SELECT * FROM ts_test TABLESAMPLE SYSTEM (0.001) REPEATABLE (200);
The result set will be the same as above because the given seed, 200, was kept the same.
id | title |
741 | Record #741 |
742 | Record #742 |
743 | Record #743 |
… | … |
However, providing a different seed most likely will produce a quite different result set.
SELECT * FROM ts_test TABLESAMPLE SYSTEM (0.001) REPEATABLE (9000);
id | title |
556 | Record #556 |
557 | Record #557 |
558 | Record #558 |
… | … |
Extensibility
The TABLESAMPLE
implementation can be extended with custom sampling methods. PostgreSQL 9.5 has an API for sampling functions, and includes two extensions: tsm_system_rows
and tsm_system_time
.
We will discuss those in greater detail in future blog posts.
Advantages
The premise of Big Data is that you must have detailed data to answer important business questions. But this is not always true, analysing trends and big changes is possible with statistically relevant sample of the data.
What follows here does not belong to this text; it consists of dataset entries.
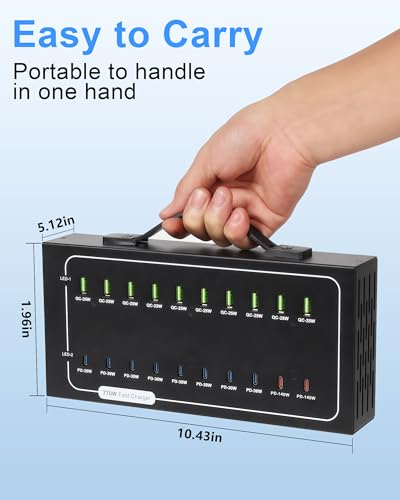 770W USB Charging Station, 20 Port Fast Charging Station for Multiple Devices, PD-140W USB C Charger Block, Smart Power Delivery & Multi Protection for Laptop MacBook iPhone, iPad, Tablet, and More
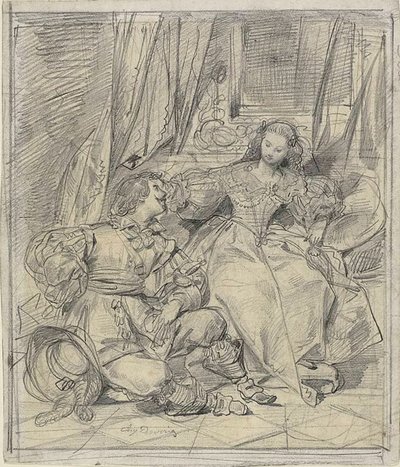 Dame und Kavalier von Eugène François Marie Joseph Devéria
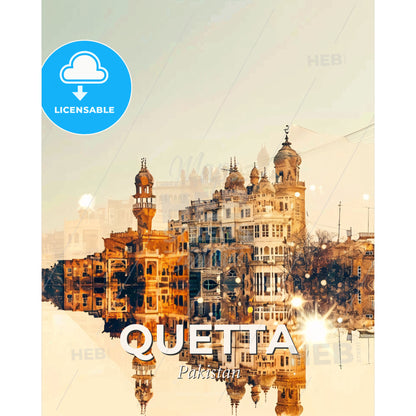 Quetta City Skyline Double Exposure Composite Artwork - A reflection of a building in water - Square format print template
This is also true for exploratory research where TABLESAMPLE
can help to quickly identify areas for further study.
When table sizes reach terabytes, getting statistically relevant output from the data is the main issue. No matter what optimizations you do, reading TBs of data off a disk will take time. With TABLESAMPLE
, sampling is much easier and thanks to the extensibility, it’s possible to ensure the selected sample is relevant for the given use case.